Monitor repair-data jobs

Contributors

You can monitor the status of repair jobs by using the repair-data script from the command line.

These include jobs that you initiated manually, or jobs that StorageGRID initiated automatically as part of a decommission procedure.

Note If you are running volume restoration jobs, monitor the progress and view a history of those jobs in the Grid Manager instead.

Monitor the status of repair-data jobs based on whether you use replicated data, erasure-coded (EC) data, or both.

  • To get an estimated percent completion for the replicated repair, add the show-replicated-repair-status option to the repair-data command.

    repair-data show-replicated-repair-status

  • To determine if repairs are complete:

    1. Select NODES > Storage Node being repaired > ILM.

    2. Review the attributes in the Evaluation section. When repairs are complete, the Awaiting - All attribute indicates 0 objects.

  • To monitor the repair in more detail:

    1. Select SUPPORT > Tools > Grid topology.

    2. Select grid > Storage Node being repaired > LDR > Data Store.

    3. Use a combination of the following attributes to determine, as well as possible, if replicated repairs are complete.

      Note Cassandra inconsistencies might be present, and failed repairs aren't tracked.
      • Repairs Attempted (XRPA): Use this attribute to track the progress of replicated repairs. This attribute increases each time a Storage Node tries to repair a high-risk object. When this attribute does not increase for a period longer than the current scan period (provided by the Scan Period — Estimated attribute), it means that ILM scanning found no high-risk objects that need to be repaired on any nodes.

        Note High-risk objects are objects that are at risk of being completely lost.
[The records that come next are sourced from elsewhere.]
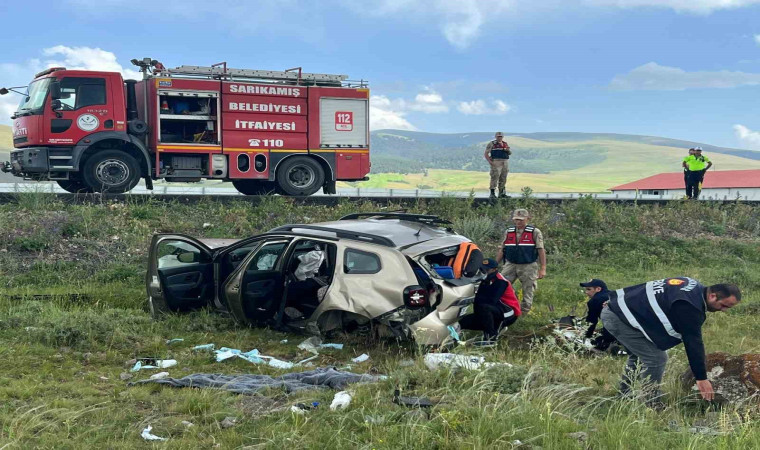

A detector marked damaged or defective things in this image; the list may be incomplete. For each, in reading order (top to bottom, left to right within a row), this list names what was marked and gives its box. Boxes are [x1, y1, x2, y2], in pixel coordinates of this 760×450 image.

severely damaged car [145, 213, 484, 346]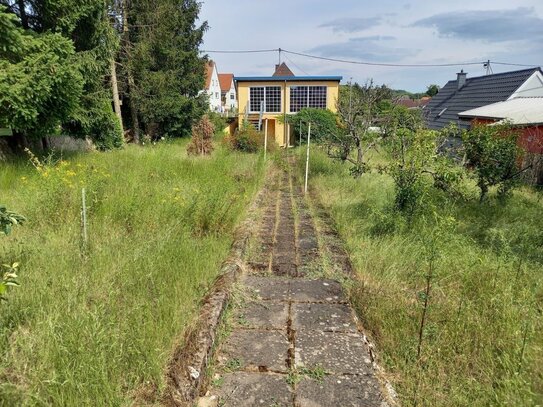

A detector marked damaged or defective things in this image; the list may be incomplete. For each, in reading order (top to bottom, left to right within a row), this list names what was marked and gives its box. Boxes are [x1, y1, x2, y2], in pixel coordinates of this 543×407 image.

cracked concrete slab [292, 278, 346, 304]
cracked concrete slab [294, 304, 356, 334]
cracked concrete slab [220, 332, 292, 372]
cracked concrete slab [296, 332, 376, 376]
cracked concrete slab [216, 372, 296, 407]
cracked concrete slab [296, 376, 388, 407]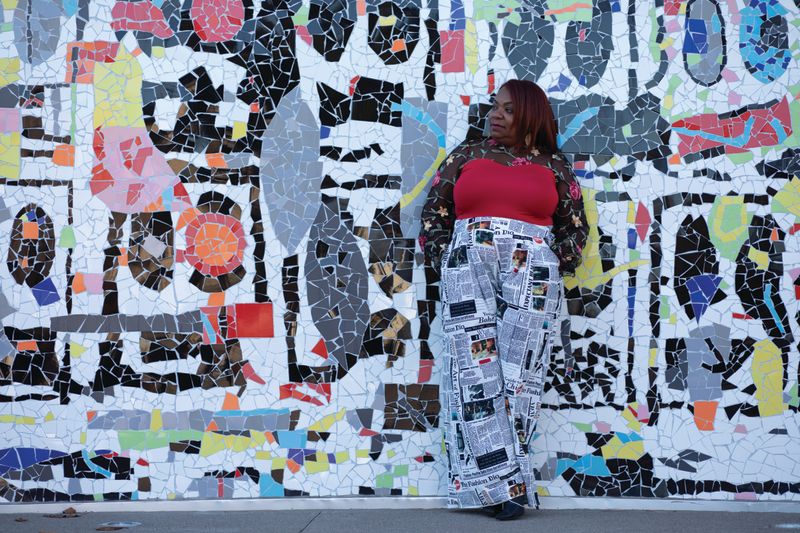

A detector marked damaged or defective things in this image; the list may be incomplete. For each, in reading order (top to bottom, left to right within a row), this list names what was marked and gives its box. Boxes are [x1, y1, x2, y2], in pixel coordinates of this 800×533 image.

pavement crack [296, 508, 322, 532]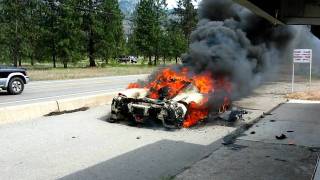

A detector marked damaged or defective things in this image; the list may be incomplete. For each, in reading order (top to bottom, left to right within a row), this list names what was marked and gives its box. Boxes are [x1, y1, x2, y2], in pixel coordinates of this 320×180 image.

charred car body [110, 84, 205, 128]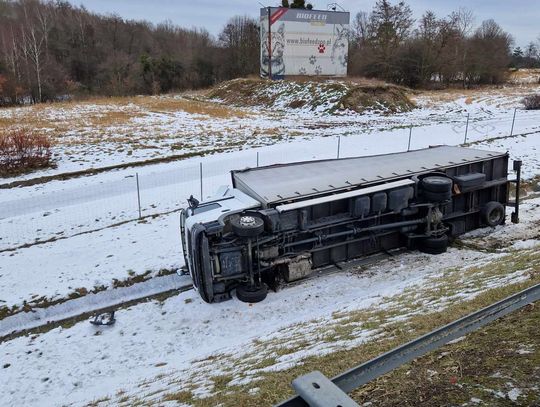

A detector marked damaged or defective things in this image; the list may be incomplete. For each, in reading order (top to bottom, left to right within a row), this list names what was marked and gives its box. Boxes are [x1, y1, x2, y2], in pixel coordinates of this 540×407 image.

overturned truck [179, 147, 520, 302]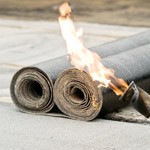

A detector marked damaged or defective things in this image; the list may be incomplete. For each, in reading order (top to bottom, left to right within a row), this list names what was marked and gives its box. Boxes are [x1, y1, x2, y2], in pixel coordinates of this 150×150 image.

charred material [120, 81, 150, 118]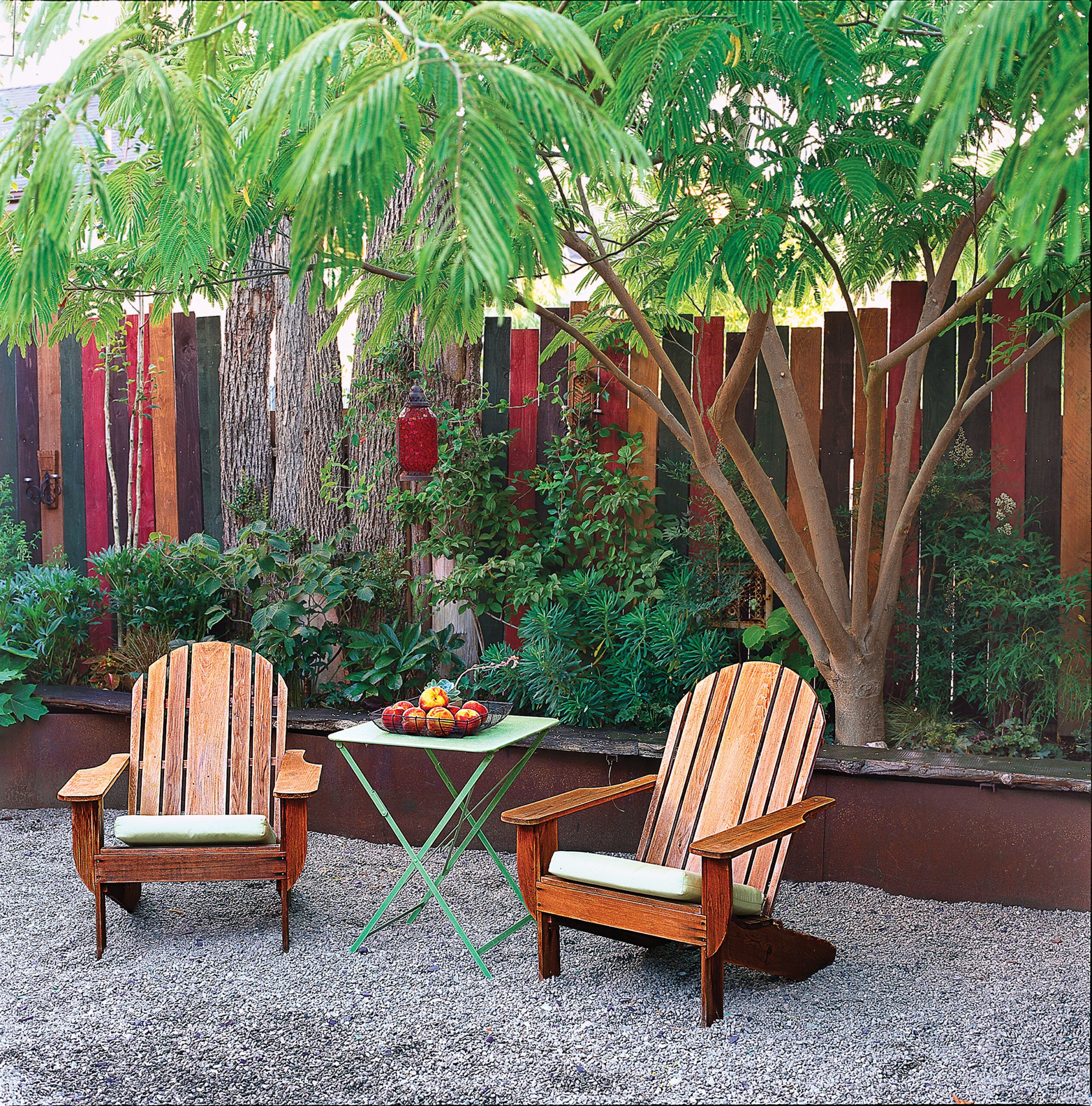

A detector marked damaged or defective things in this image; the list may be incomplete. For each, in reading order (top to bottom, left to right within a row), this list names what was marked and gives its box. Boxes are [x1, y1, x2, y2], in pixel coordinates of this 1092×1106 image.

This does not include objects that don't satisfy their ILM configuration.
      • Scan Period — Estimated (XSCM): Use this attribute to estimate when a policy change will be applied to previously ingested objects. If the Repairs Attempted attribute does not increase for a period longer than the current scan period, it is probable that replicated repairs are done. Note that the scan period can change. The Scan Period — Estimated (XSCM) attribute applies to the entire grid and is the maximum of all node scan periods. You can query the Scan Period — Estimated attribute history for the grid to determine an appropriate time frame.